PCMA means Paired Carrier Multiple Access.

This technique allows the transponder bandwidth to be reused by superimposing carriers on top of each other.   This has the potential for major savings in space segment rental costs.   It is possible when, in the system design, the fractional transponder bandwidth resource is being used up first, before the power resource is fully utilised.   This can occur in networks where not all earth stations are of the minimum possible size, from the point of view of receive G/T.   In such cases, with modern high sensitivity/high power satellites, it is difficult to simultaneously and efficiently exploit the satellite power and bandwidth resources.   The tendency is to run out of bandwidth and resort to abnormally high power spectral density carriers such as 8 PSK or 16 QAM or similar.   In PCMA, an earth station knows what it is transmitting and by suitably delaying and then subtracting a weak version of the transmitted signal from the received signal the 'interference' arising from carrier superimposition is eliminated.

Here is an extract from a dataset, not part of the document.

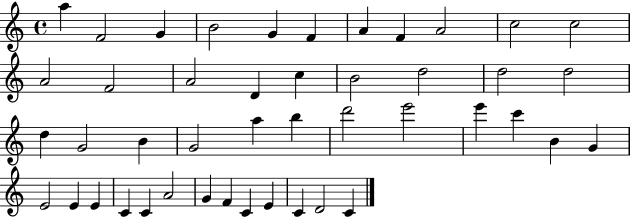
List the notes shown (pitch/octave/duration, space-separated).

A5/q F4/h G4/q B4/h G4/q F4/q A4/q F4/q A4/h C5/h C5/h A4/h F4/h A4/h D4/q C5/q B4/h D5/h D5/h D5/h D5/q G4/h B4/q G4/h A5/q B5/q D6/h E6/h E6/q C6/q B4/q G4/q E4/h E4/q E4/q C4/q C4/q A4/h G4/q F4/q C4/q E4/q C4/q D4/h C4/q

Read more: satsig forum reference to Comtech "carrier in carrier" operations. This technique is applicable when both earth stations, at either end of the point to point link, are in the same satellite beam coverage area.

CRMA means Code Reuse Multiple Access.

This technique involves many earth stations transmitting the same kind of signal bursts on the same frequency, but all starting at different times, so avoiding interference with each other.   For example, to transmit a binary 1, an earth station transmits a carefully predefined burst and to transmit a binary 0, transmits a same length but completely different carefully predefined burst.